He’s the director of the new documentary Terms And Conditions May Apply, in theaters July 12—a film that takes a look at just what we’re agreeing to when we click through without reading the small print. And from what he learned through his research, Hoback doesn’t think you should bother reading the policies his movie is about. For one thing, you don’t have time. (Hoback claims you’d need a month of every year dedicated to the task.) For another, you sort of don’t have a choice.
“I would never tell anyone to read these service agreements from start to finish,” Hoback says. “You either get the service or you don’t, and if you want to be a participating member of modern society, in many instances you need to incorporate these technologies in your life.”
Hoback, whose background as a filmmaker didn’t include any tech expertise before he embarked on this project, wanted to make a movie about the way technology has changed our lives—but none of the interviews he conducted seemed to get at what he felt was the real story. Then he realized that one difference between past technological developments and those of recent years was the fact that, unlike something like a printing press, the Internet and connected devices come with contracts. Then he read one all the way through. It was the iTunes policy—which even includes a line prohibiting you from using iTunes to build a nuclear weapon—and it inspired him to turn his lens to the terms and conditions that would become the movie’s title, a series of agreements that he sees as “a huge social justice issue that hadn’t been dealt with.”
And he wasn’t the only one thinking about what those contracts allow companies to do, particularly the ways they can profit from the information they gather or provide that information to the government.
Even though the movie had been shown before its theatrical release this week, Hoback was editing it up until the very last minute. First, last November, he thought he was done—then the fuss about Instagram’s terms of service had to be added. Most recently, he added mentions of PRISM and Edward Snowden.
“Everything that happened with Snowden dovetailed very nicely with the film because it got the country and the world really concerned about the nature of digital privacy,” he says of the timing. “I do think we’re at a tipping point.
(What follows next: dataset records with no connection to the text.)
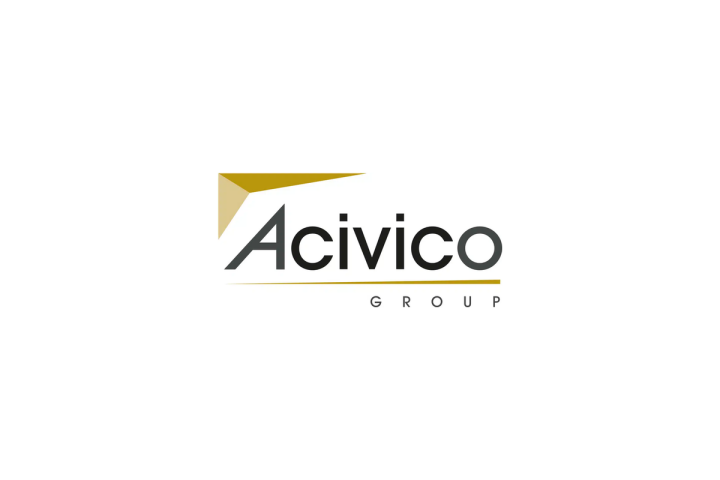Acivico 03 Logo matched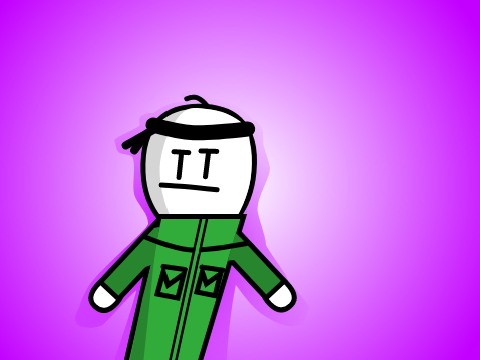TGN aka thegreenninja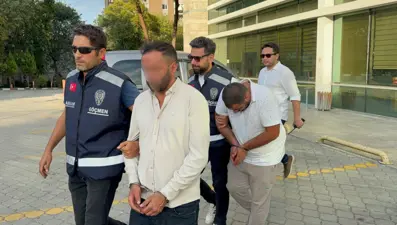 15 gün önce cezaevinden çıktılar: Yine aynı suçtan yakalandılar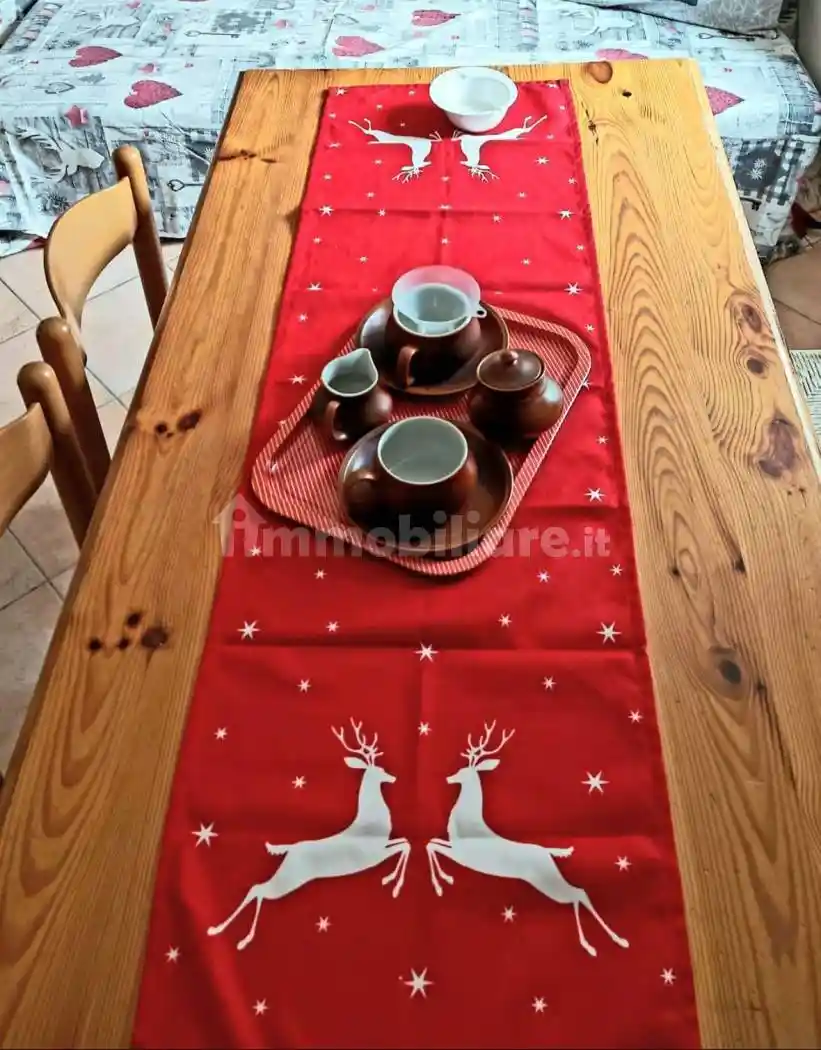 Appartamento in affitto a Campodolcino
People are seeing the nature of the trade now; I don’t think they necessarily saw the nature of what these quote-unquote free services were providing and what they were giving up.”
Which is what Hoback hopes his movie helps with, given the difference between these agreements and a normal contract. You can’t read every word, you can’t negotiate, you can’t really walk away—so what can you do? The film showcases some nightmare scenarios (like the Cold Case writer whose online searches, researching for his job, make him look like a murderer) in hopes of making it seem like those who have nothing to hide still have something to lose.
“I think the first step is understanding what’s going on,” says Hoback, who adds that he now thinks the next step is using “stopgap” privacy tools and then, ultimately, using awareness to pressure the government to regulate what corporations can include in such agreements and to force companies to allow consumers to access information about themselves. (An Irish Facebook user does just that in the film, using a European information-access law, and is eventually given a massive stack of paper containing things he had deleted from the service years earlier, among much else.) To that end, the filmmaker is currently trying to get people on Capitol Hill to watch his documentary.
“I’m not hopeless about it, but we have to move soon,” he says. “We’re up against a pretty big foe and time is running out.”